> [Source data]:
Content starts
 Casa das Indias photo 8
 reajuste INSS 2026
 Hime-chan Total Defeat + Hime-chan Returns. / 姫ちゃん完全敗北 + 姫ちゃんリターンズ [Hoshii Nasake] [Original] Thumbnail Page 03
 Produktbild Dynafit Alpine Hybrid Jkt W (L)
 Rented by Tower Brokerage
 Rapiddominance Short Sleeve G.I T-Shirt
Content ends
Content starts
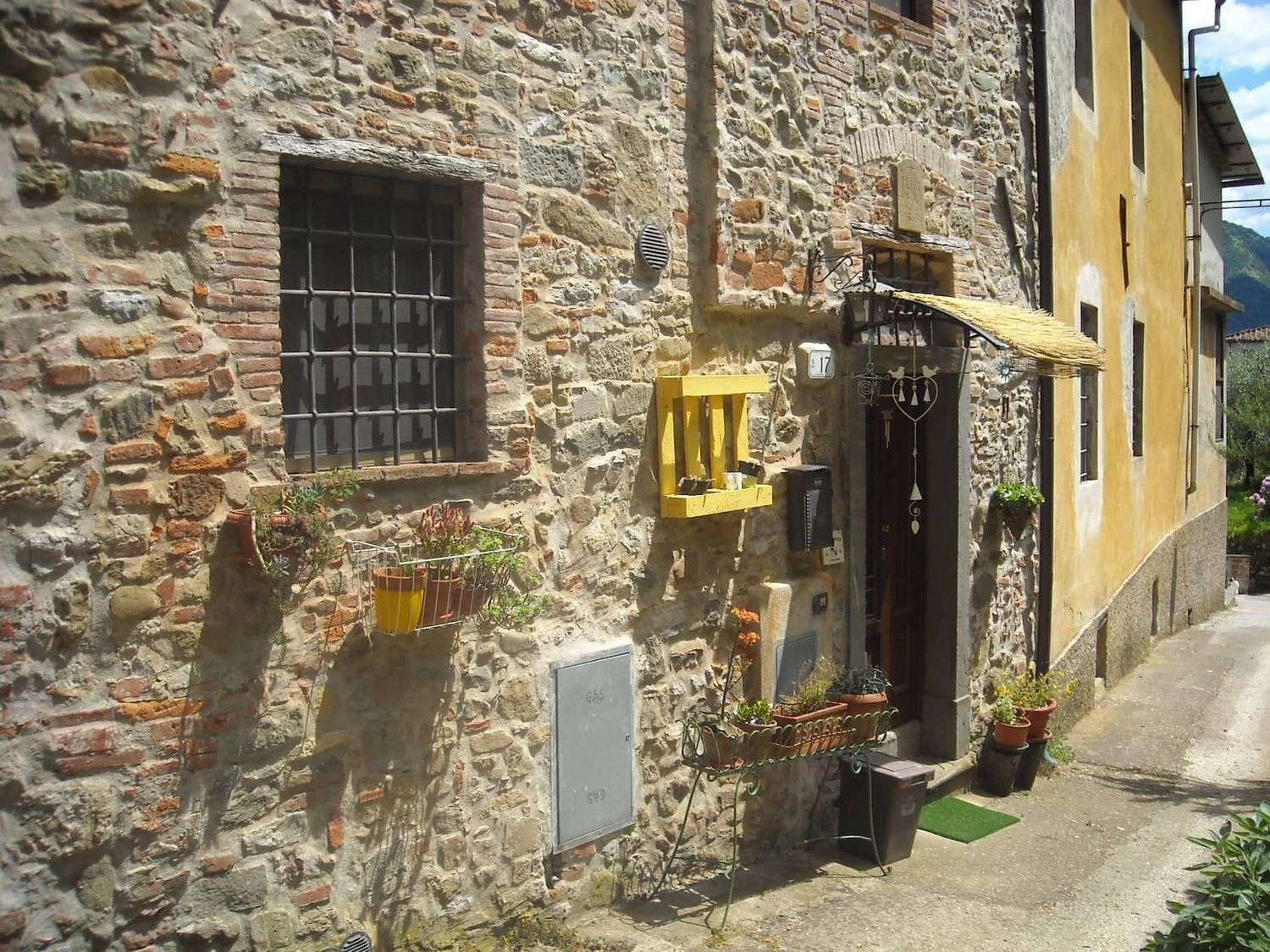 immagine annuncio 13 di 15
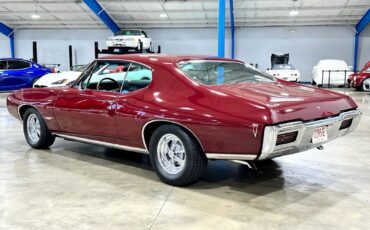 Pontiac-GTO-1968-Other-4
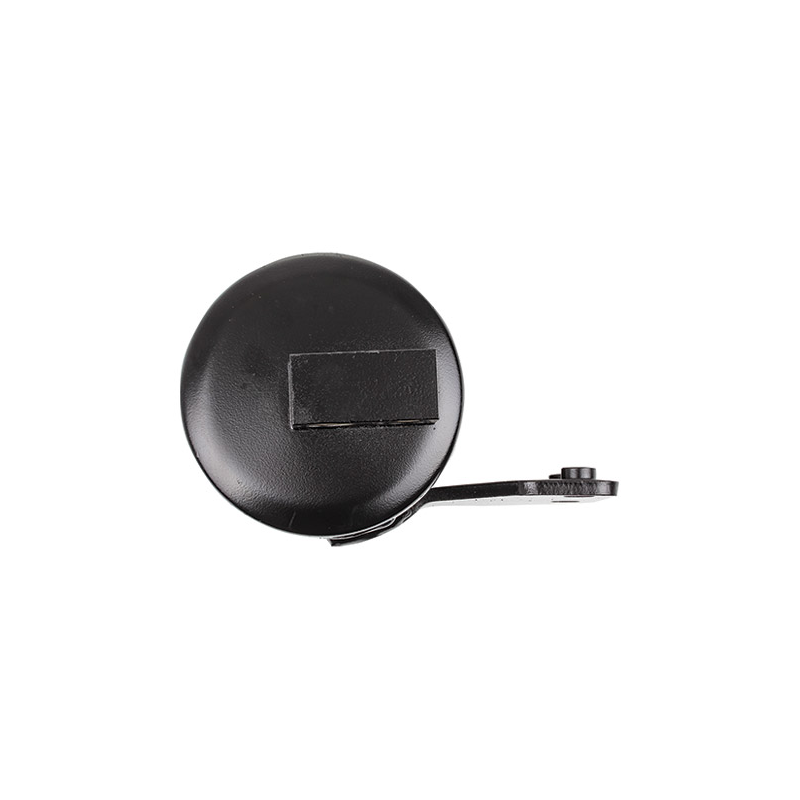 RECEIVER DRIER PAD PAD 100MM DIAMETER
Content ends
Content starts
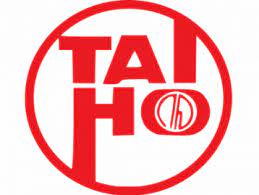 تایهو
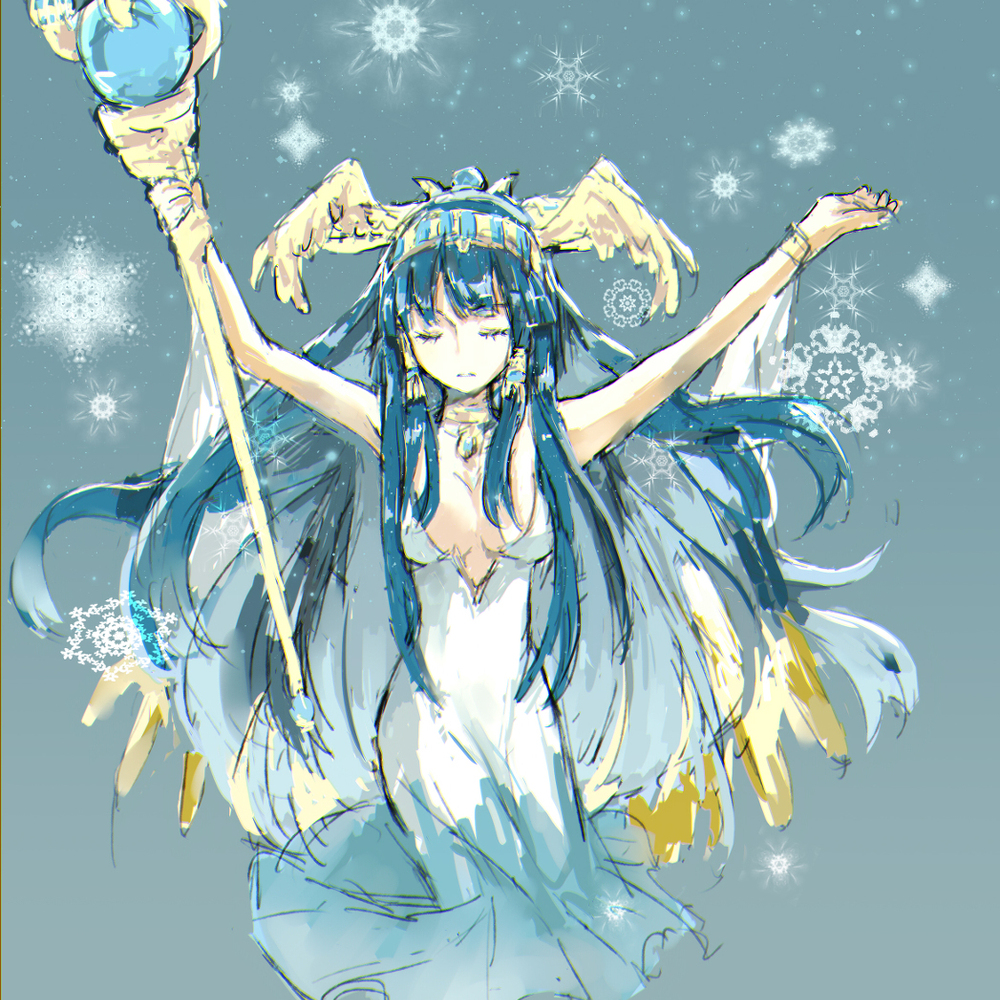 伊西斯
Content ends
> [Your objective]: Take the listing above and repeat exactly the lines from the one containing "Casa das Indias photo 8" through the one containing "Rapiddominance Short Sleeve G.I T-Shirt", both included.

> [Task output]:
 Casa das Indias photo 8
 reajuste INSS 2026
 Hime-chan Total Defeat + Hime-chan Returns. / 姫ちゃん完全敗北 + 姫ちゃんリターンズ [Hoshii Nasake] [Original] Thumbnail Page 03
 Produktbild Dynafit Alpine Hybrid Jkt W (L)
 Rented by Tower Brokerage
 Rapiddominance Short Sleeve G.I T-Shirt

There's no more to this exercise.